Supplier Number of Tons
Available Cost $/ton BTUs/lb
Consol, Inc. 200,000 32 12,250
Cyprus Amax 175,000 35 12,000
Addington Mining 200,000 31 12,000
Waterloo 180,000 33 11,300

For example, the contract with Consol, Inc., enables Cinergy to purchase up to 200,000 tons of coal at a cost of $32 per ton; each pound of this coal provides 12,250 BTUs.
The number of megawatt hours of electricity that each generating unit must produce and the heat rate provided are as follows:

Generating Unit Electricity Produced (mWh) Heat Rate (BTUs per kWh)
Miami Fort Unit 5 550,000 10,500
Miami Fort Unit 7 500,000 10,200
Beckjord Unit 1 650,000 10,100
East Bend Unit 2 750,000 10,000
Zimmer Unit 1 1,100,000 10,000

For example, Miami Fort Unit 5 must produce 550,000 megawatt hours of electricity, and 10,500 BTUs are needed to produce each kilowatt hour.

The transportation cost and the add-on cost in dollars per ton are shown here:

Transportation Cost ($/ton)
Miami Fort
Unit 5 Miami Fort
Unit 7 Beckjord
Unit 1 East Bend
Unit 2 Zimmer
Unit 1
RAG 5.00 5.00 4.75 5.00 4.75
Peabody 3.75 3.75 3.5 3.75 3.5
American 3.00 3.00 2.75 3.00 2.75
Consol 3.25 3.25 2.85 3.25 2.85
Cyprus 5.00 5.00 4.75 5.00 4.75
Addington 2.25 2.25 2.00 2.25 2.00
Waterloo 2.00 2.00 1.60 2.00 1.60

Add-On Cost ($/ton)
Miami Fort
Unit 5 Miami Fort
Unit 7 Beckjord
Unit 1 East Bend
Unit 2 Zimmer
Unit 1
RAG 10.00 10.00 10.00 5.00 6.00
Peabody 10.00 10.00 11.00 6.00 7.00
American 13.00 13.00 15.00 9.00 9.00
Consol 10.00 10.00 11.00 7.00 7.00
Cyprus 10.00 10.00 10.00 5.00 6.00
Addington 5.00 5.00 6.00 4.00 4.00
Waterloo 11.00 11.00 11.00 7.00 9.00

Managerial Report

Prepare a report that summarizes your recommendations regarding Cinergy's coal allocation problem. Be sure to include information and analysis for the following issues.

1. Determine how much coal to purchase from each of the mining companies and how it should be allocated to the generating units.
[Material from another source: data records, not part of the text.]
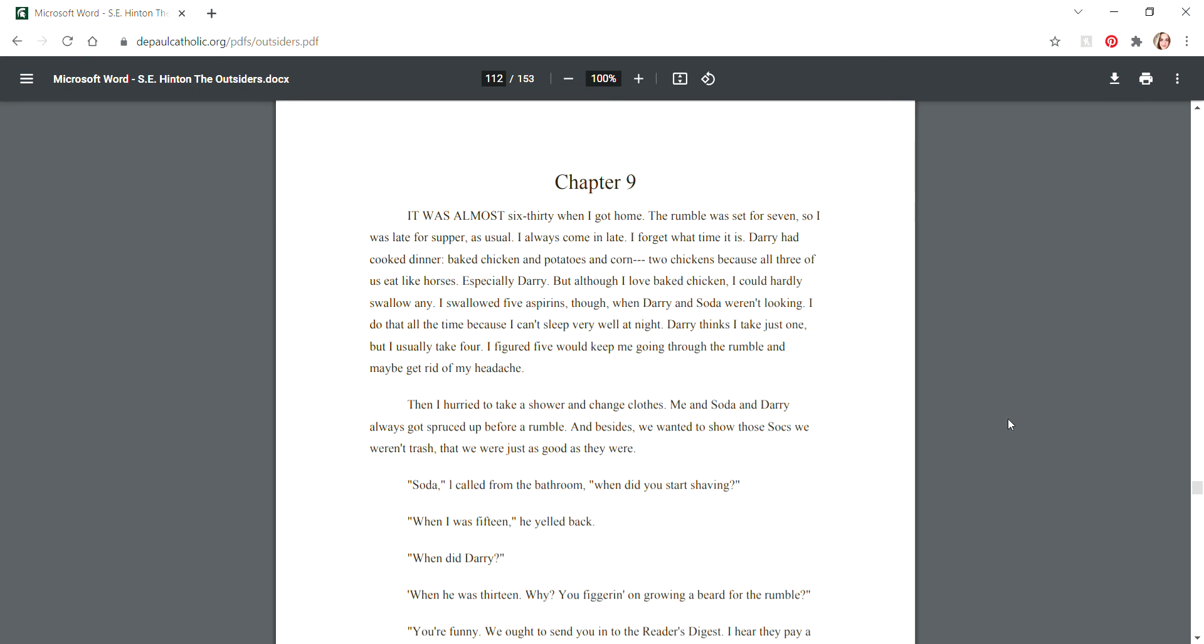The Outsiders Chapter 9. It was almost 6:30 when I got home. The rumble was set for 7 so I was late for supper as usual. Darry had cooked dinner - baked chicken and potatoes and corn, two chickens because all three of us eat like horses, especially Darry. Although I loved baked chicken, I could hardly swallow any. I swallowed maybe five aspirin though when Darry and Soda weren't looking. I figured five would keep me going through the rumble and maybe get rid of my headache.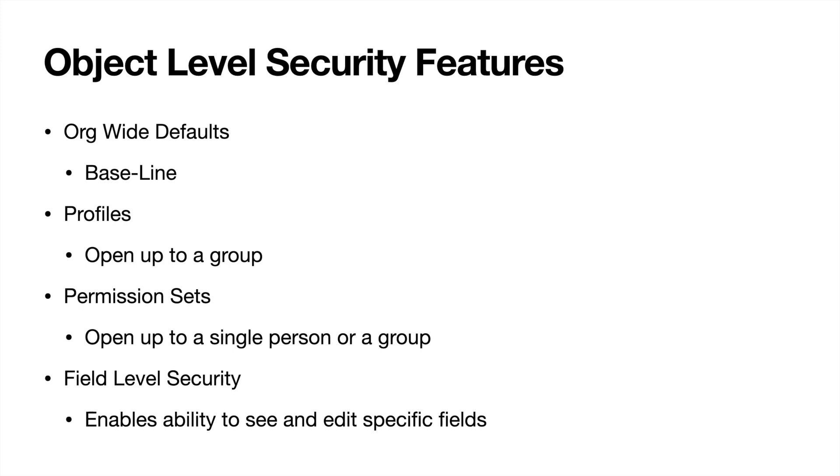So now next is going to be profiles. And this typically is used to open up access to a group of people. And now oftentimes, and almost 100% of the time, a profile is going to open it up to a group based upon their job functionality. So this is going to be for sales or service or marketing. And they're going to open up different objects depending on their job functionality as a group or a department.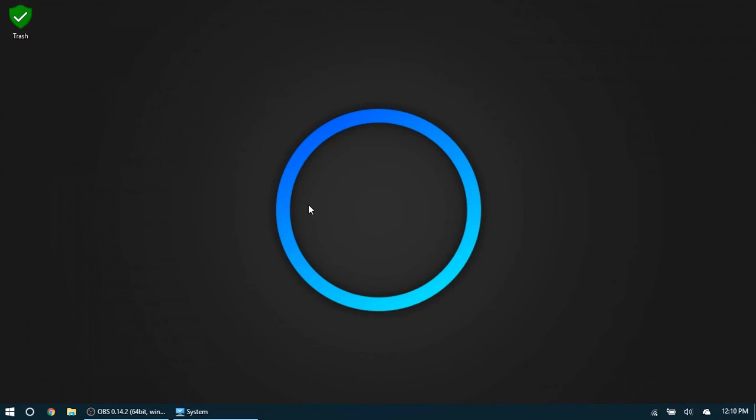Alright, so that is it - just making sure that everything is installed correctly. If you're having problems, leave them in the comments or search on the web to make sure that you're installing it correctly. I'll see you on the next one.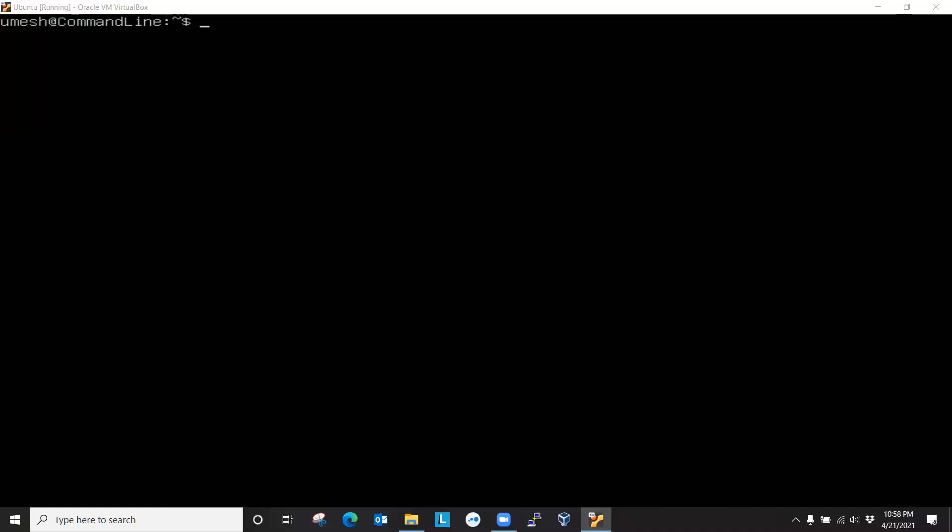So let's get our repository up to date first. In Ubuntu, you can use sudo apt-get update to update your repository, and we can run another command after that is done using ampersand ampersand sign and upgrade command will actually upgrade your system. And hyphen y will answer yes if it will ask you yes and no questions.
What is the cost to purchase, deliver, and process the coal?
2. Compute the average cost of coal in cents per million BTUs for each generating unit (a measure of the cost of fuel for the generating units).
3. Compute the average number of BTUs per pound of coal received at each generating unit ( a measure of the energy efficiency of the coal received at each unit).
4. Suppose that Cinergy can purchase an additional 80,000 tons of coal from American Coal Sales as an "all or nothing deal", for $30 per ton. Should Cinergy purchase the additional 80,000 tons of coal?
5. Suppose that Cinergy learns that the energy content of the coal from Cyprus Amax is actually 13,000 BTUs per pound. Should Cinergy revise its procurement plan?
6. Cinergy has learned from its trading group that Cinergy can sell 50,000 megawatt hours of electricity over the grid (to other electricity suppliers) at a price of $30 per megawatt hour. Should Cinergy sell the electricity? If so, which generating units should produce the additional electricity?